I like to play lots of video games, so what? I hate going to parties and getting drunk while dancing, so what? I enjoy classical music and have an interest for science, so what? I used to wear glasses, so what? I am shy and suck at small talk, so what? All this trying to change myself only led to worse situations and it was really tough to realize I wasn’t the one who acted wrong. And I am still in the process of getting back to who I really am, to gain some confidence and lose nervousness in social interactions. Ironically what is helping me with this problem is my depression or at least my suicidal thoughts. I more often tend to say “Whatever” when something goes wrong, I don’t care much anymore about what some people think about me because essentially it doesn’t matter. Essentially there’s not much at all that matters.
Anyways, I started playing WoW because my gaming friend has been nagging me to buy this game for the last few months. I can’t call myself a gamer if I’ve never played wow, right? I haven’t tried it yet because I was afraid of getting addicted and spending to little time for university; but like I said earlier: Whatever!
4 comments
Well what you went through “Trying to fit In” is something that just about everybody goes through especially in the teenage years. When your in your teens and early 20’s certain things re considered cool and popular and other things are not considered cool or popular. Peer presure to be a certain type can come and peer presure to do negative things can come too. I always respected the peopole who do not give into peer pressures and think for themselves and be the way they really want to be so long as they arent abusive to others in some way.

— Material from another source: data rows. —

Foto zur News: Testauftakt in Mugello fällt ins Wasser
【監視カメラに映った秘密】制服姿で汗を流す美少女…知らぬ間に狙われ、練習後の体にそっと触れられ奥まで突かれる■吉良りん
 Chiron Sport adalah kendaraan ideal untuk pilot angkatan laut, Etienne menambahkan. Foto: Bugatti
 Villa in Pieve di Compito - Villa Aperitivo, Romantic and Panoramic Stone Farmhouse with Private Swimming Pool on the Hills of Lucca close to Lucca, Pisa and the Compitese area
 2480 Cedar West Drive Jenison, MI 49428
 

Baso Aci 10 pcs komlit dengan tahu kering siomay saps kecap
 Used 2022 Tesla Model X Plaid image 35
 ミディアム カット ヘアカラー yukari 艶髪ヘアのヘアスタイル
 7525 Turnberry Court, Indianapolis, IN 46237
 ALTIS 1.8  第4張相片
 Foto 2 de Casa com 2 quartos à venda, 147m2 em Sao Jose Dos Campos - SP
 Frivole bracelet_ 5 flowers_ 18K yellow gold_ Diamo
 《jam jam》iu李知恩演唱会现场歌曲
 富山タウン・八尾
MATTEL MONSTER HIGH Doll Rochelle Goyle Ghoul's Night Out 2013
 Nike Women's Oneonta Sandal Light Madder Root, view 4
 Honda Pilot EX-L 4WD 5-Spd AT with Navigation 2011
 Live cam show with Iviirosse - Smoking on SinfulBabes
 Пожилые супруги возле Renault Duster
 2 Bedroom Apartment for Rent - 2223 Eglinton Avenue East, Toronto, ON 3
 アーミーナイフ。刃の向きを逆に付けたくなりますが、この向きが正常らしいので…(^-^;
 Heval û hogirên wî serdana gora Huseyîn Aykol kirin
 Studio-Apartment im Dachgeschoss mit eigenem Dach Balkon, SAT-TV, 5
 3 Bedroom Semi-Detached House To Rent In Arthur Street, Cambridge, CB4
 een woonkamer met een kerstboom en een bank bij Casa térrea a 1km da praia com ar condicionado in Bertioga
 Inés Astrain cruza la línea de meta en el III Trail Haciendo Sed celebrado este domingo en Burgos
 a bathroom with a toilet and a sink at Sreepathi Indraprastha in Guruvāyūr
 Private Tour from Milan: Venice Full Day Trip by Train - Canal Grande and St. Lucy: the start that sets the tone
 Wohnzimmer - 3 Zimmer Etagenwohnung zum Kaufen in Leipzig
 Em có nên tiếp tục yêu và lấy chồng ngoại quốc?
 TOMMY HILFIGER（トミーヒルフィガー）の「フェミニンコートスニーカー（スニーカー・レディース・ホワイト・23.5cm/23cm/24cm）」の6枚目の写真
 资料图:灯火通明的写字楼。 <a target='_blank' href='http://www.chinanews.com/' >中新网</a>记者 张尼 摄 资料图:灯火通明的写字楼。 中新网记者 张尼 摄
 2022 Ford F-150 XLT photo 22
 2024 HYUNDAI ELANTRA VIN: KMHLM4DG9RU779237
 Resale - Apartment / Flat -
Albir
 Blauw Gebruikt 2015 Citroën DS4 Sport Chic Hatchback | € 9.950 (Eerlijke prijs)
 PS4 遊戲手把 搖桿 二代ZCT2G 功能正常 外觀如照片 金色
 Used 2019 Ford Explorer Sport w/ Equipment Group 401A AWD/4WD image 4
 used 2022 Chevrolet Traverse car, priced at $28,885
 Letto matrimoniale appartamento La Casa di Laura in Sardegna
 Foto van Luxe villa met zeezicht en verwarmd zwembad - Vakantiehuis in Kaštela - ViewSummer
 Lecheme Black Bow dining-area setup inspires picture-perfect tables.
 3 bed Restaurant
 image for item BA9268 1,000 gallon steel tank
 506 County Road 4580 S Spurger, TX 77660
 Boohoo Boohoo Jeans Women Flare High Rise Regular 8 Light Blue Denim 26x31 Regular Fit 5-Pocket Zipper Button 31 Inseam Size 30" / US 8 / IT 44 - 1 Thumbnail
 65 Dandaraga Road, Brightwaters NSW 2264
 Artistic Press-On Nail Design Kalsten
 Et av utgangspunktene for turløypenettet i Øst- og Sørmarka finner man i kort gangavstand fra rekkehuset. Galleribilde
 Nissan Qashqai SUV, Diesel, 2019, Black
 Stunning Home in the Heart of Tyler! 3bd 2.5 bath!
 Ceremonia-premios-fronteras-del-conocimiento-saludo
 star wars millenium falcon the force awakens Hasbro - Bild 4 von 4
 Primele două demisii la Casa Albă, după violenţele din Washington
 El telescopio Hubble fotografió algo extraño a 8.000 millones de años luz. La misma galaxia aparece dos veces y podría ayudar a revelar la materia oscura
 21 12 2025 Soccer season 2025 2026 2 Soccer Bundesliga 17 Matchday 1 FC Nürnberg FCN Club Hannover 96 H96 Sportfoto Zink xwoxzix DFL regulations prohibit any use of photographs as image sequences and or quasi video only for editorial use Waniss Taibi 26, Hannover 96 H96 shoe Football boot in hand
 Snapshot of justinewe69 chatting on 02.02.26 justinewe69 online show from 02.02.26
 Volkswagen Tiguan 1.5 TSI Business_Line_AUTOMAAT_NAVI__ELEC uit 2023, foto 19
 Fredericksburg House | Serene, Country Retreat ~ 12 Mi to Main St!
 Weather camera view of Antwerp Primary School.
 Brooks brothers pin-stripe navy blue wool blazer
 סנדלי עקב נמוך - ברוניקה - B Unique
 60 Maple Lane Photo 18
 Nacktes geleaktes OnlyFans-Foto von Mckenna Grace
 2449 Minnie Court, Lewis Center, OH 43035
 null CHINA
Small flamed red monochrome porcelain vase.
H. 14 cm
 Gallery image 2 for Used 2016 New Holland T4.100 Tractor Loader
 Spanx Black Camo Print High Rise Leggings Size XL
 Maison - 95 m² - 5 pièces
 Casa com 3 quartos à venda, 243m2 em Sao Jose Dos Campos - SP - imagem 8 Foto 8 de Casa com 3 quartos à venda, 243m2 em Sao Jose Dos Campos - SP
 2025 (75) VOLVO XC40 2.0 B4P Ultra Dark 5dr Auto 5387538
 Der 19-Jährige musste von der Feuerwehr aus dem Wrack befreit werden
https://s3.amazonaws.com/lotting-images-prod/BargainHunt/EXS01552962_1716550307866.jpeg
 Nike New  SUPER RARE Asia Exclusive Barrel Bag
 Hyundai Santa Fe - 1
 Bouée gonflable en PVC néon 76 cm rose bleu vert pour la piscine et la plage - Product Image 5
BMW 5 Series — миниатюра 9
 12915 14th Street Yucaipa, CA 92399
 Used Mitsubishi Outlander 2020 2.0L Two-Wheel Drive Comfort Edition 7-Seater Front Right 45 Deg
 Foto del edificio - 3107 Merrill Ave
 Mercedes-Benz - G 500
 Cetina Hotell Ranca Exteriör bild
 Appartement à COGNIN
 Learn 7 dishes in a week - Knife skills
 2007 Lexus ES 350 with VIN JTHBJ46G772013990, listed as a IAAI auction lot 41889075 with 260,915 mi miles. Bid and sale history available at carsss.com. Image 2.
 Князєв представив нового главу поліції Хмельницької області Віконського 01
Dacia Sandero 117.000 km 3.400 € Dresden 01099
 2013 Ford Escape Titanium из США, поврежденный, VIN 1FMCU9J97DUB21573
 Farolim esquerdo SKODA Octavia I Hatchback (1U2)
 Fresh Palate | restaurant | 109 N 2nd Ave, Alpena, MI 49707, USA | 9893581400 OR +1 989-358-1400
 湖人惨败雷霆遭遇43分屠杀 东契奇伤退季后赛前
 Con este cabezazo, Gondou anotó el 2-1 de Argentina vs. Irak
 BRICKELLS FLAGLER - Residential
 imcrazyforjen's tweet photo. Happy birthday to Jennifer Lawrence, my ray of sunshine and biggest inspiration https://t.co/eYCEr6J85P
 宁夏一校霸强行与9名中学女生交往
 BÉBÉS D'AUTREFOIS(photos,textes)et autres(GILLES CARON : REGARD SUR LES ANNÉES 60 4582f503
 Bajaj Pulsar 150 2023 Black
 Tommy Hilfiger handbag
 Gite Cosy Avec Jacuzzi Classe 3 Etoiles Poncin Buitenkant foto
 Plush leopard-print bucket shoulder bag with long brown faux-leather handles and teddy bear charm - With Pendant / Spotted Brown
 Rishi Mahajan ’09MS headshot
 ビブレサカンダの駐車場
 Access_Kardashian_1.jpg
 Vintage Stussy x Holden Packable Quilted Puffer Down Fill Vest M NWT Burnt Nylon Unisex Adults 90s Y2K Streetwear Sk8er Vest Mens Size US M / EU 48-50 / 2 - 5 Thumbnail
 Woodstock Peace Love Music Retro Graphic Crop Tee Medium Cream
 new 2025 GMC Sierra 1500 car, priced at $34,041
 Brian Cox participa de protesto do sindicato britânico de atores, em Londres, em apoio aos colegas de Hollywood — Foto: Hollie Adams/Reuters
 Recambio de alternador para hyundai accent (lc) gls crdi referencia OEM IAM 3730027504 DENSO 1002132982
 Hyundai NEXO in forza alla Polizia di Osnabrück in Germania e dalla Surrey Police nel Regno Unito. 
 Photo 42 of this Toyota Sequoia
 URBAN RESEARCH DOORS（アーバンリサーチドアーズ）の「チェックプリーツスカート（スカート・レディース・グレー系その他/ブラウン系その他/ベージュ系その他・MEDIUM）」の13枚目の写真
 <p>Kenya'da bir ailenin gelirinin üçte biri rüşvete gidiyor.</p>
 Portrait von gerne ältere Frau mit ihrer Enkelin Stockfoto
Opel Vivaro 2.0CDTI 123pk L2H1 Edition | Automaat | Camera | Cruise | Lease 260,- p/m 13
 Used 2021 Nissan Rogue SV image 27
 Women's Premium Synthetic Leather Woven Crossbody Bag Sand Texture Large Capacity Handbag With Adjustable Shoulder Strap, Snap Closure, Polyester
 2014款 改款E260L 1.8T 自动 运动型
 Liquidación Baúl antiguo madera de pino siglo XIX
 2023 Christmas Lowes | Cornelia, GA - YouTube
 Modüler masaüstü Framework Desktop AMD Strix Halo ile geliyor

I also have found that what is considered cool and normal varies in different societies. I have lived in places where being a jock and gettting drunk on weekends is the thing. And I have lived in societies where the culture is very different and people are more unique > more individuals > like more into the arts and being unique. I also have found that peeer pressure to be a certain way kind of drops down as you get older. People become more open minded and less likely to be judgemnetal of others for no real reason. At least that has been my experience.
There is nothing wrong with being different. Being eccentric in your own way can be cool.
its a mark of somebody who has the balls to be themself. instead of a herd follwer.
so dont get down on yourself the world needs to have different types of people
unique people are cool in my opinion.
just try to have a positive attitude toward life and positive direction
I totally agree. The thing is though that society doesn’t want unique human beings, the government and the elites don’t want critically thinking minds. The whole system of education is designed to make humans that obey and follow the mainstream – even though they think they are “cool” and independent. Thanks for your comment!
Your fourth paragraph, even though you mentioned suicidal thoughts, is something I feel passionate about reinforcing to other people. You can never be wrong for being yourself and enjoying things that you like. If people don’t like that “so what?” As you said. It’s their oribkem not yours. You can only be who you are. Never, ever apologise for liking certain things and not liking others. It’s other people’s loss for not getting to know us not our loss for not getting to know them. Be you and only ever be you. In time you realise “those that mind don’t matter, those that matter don’t mind”
“You do you, and I’ll do me” I live by this.
Thanks, if only someone had convinced me about this 10 years earlier.. I mean can you expect a teenager right in puberty who is seeking appreciation and approval to figure this out on his own? Most people I meet that are older than me haven’t even figured this out yet. Either they feel like they are “cool” or they want to become like someone who is “cool”.